Transmissions from the front lines
This great evil – where’s it come from?
How’d it steal into the world?
What seed, what root did it grow from?
Who’s doing this?
Who’s killing us, robbing us of life and light?
Mocking us with the sight of what we might of known?
Does our ruin benefit the earth, aid the grass to grow and the sun to shine?
Is this darkness in you, too?
Have you passed through this night?
I think it is in us all but we have the light too… and so do you
remember the light – http://bit.ly/oAeLzk
remember your light jimgroom and come back to ds106
As far as I can tell, I am the only person on the Internet who has ever noticed that this is almost a direct quote (the first couple sentences, anyway) from book seven of St. Augustine’s Confessions.

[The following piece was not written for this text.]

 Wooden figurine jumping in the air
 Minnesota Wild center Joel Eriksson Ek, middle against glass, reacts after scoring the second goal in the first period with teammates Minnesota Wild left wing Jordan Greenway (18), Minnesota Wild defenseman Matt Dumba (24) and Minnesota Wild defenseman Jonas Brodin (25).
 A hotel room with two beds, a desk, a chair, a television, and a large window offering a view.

Voilà: http://goo.gl/f70XS
Nathan,
Awesome find, that is the first I have heard about this connection. And it makes me wonder how many of those philosophical monologues are modernizations of other philosophers about the horrors of war and the nuanced face of evil. You rock! Thin Red Line and Terrence Mallik FTQW.

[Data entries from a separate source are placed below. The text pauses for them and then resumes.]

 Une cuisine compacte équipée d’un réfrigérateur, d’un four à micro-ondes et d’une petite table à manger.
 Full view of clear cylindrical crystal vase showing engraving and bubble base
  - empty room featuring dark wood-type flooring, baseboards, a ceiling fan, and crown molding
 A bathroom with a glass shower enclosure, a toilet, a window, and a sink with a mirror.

Ha! Thanks. Just a little of the old, y’know, analog humanities at work. I wish I could say that I was so familiar with Augustine that when I saw Thin Red Line I recognized the quotation, but it went the other way around — when I reread Augustine for a course I was teaching, I got to that part and thought, “Hey, this sounds familiar…”
This quotation alone, though, would be enough to make me love Malick, even if I didn’t think his movies were some of the most brilliant things I’ve ever watched.
I love that movie and I love what you ate doing with that class even though I don’t get all of it. Is Dr. Oblivion coming back?